### [REQUIREMENT]
Output, without any change, the listing below from its opening line up to and including the line with "2570 Barnstone Avenue SW, Canton, OH 44706".
********************
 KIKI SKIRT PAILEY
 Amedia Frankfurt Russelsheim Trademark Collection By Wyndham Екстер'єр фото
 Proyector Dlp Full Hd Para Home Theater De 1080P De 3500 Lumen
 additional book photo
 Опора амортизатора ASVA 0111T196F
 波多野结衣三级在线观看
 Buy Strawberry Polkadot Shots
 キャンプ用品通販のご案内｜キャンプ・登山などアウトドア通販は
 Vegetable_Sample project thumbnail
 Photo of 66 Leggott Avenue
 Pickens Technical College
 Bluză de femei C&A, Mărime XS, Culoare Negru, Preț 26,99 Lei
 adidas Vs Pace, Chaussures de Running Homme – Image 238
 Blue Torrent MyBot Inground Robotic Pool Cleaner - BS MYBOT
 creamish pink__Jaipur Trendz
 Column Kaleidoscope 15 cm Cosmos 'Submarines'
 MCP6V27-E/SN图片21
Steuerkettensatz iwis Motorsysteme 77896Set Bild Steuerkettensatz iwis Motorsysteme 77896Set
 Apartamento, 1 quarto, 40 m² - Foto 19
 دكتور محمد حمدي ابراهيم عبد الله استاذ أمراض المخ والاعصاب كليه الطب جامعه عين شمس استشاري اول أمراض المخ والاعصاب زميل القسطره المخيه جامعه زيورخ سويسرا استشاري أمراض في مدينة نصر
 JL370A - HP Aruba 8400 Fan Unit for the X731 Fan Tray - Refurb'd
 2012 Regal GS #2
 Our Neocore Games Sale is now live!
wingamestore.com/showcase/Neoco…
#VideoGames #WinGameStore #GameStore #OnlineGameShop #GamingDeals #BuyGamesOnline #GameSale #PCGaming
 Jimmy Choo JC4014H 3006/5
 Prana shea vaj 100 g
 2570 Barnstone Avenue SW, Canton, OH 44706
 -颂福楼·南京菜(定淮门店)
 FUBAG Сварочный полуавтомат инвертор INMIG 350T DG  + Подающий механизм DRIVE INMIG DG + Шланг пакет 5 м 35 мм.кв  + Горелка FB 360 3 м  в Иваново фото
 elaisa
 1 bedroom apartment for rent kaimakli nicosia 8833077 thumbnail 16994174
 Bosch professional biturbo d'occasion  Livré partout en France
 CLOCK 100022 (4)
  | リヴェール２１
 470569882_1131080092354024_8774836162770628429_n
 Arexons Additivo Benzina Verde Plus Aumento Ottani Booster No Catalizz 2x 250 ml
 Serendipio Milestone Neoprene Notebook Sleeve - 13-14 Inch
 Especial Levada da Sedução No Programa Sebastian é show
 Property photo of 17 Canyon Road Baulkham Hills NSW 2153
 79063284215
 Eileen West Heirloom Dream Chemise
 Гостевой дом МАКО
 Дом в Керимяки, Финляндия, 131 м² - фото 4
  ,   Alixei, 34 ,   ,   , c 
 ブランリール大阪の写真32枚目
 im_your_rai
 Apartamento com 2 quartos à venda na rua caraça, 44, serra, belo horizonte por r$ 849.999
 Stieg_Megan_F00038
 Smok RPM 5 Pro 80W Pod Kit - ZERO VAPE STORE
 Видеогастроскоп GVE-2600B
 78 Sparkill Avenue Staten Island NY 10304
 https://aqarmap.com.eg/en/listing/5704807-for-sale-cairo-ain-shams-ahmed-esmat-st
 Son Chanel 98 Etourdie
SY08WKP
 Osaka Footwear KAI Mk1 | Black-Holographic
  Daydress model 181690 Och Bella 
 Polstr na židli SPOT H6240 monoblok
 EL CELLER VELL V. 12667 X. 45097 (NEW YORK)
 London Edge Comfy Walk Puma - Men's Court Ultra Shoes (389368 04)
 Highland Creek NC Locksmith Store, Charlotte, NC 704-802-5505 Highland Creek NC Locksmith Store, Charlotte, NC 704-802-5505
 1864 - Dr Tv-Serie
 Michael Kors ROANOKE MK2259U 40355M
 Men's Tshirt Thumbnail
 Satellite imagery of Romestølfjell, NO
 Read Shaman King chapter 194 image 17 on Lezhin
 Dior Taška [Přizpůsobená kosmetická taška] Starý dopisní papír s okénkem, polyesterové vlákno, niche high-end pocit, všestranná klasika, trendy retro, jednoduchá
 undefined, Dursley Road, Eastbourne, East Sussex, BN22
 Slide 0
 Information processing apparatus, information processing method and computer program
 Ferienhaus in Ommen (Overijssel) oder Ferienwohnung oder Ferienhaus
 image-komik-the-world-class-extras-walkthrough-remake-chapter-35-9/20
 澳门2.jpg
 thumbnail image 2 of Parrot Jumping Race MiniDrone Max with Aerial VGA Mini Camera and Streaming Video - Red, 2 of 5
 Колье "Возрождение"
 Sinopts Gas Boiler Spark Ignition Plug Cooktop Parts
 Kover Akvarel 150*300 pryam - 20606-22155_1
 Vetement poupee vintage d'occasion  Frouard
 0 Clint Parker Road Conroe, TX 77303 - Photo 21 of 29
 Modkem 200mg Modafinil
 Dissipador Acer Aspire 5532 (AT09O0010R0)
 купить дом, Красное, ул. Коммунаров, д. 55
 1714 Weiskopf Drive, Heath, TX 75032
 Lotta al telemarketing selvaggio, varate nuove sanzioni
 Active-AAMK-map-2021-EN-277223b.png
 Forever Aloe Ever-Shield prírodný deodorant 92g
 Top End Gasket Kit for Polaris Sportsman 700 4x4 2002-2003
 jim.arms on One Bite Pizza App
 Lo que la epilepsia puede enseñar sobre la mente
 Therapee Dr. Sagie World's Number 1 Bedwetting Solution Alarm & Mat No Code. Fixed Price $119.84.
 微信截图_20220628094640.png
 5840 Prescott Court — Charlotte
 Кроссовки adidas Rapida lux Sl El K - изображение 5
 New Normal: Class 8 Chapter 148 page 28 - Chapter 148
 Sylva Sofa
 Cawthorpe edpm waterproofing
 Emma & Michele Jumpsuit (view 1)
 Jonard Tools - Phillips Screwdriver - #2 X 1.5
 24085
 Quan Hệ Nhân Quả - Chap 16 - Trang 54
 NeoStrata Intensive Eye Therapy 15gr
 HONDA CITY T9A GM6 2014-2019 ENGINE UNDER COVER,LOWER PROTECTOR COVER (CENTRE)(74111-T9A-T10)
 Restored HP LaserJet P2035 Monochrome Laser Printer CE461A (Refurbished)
********************
### [SOLUTION FOR THIS EXERCISE]
 KIKI SKIRT PAILEY
 Amedia Frankfurt Russelsheim Trademark Collection By Wyndham Екстер'єр фото
 Proyector Dlp Full Hd Para Home Theater De 1080P De 3500 Lumen
 additional book photo
 Опора амортизатора ASVA 0111T196F
 波多野结衣三级在线观看
 Buy Strawberry Polkadot Shots
 キャンプ用品通販のご案内｜キャンプ・登山などアウトドア通販は
 Vegetable_Sample project thumbnail
 Photo of 66 Leggott Avenue
 Pickens Technical College
 Bluză de femei C&A, Mărime XS, Culoare Negru, Preț 26,99 Lei
 adidas Vs Pace, Chaussures de Running Homme – Image 238
 Blue Torrent MyBot Inground Robotic Pool Cleaner - BS MYBOT
 creamish pink__Jaipur Trendz
 Column Kaleidoscope 15 cm Cosmos 'Submarines'
 MCP6V27-E/SN图片21
Steuerkettensatz iwis Motorsysteme 77896Set Bild Steuerkettensatz iwis Motorsysteme 77896Set
 Apartamento, 1 quarto, 40 m² - Foto 19
 دكتور محمد حمدي ابراهيم عبد الله استاذ أمراض المخ والاعصاب كليه الطب جامعه عين شمس استشاري اول أمراض المخ والاعصاب زميل القسطره المخيه جامعه زيورخ سويسرا استشاري أمراض في مدينة نصر
 JL370A - HP Aruba 8400 Fan Unit for the X731 Fan Tray - Refurb'd
 2012 Regal GS #2
 Our Neocore Games Sale is now live!
wingamestore.com/showcase/Neoco…
#VideoGames #WinGameStore #GameStore #OnlineGameShop #GamingDeals #BuyGamesOnline #GameSale #PCGaming
 Jimmy Choo JC4014H 3006/5
 Prana shea vaj 100 g
 2570 Barnstone Avenue SW, Canton, OH 44706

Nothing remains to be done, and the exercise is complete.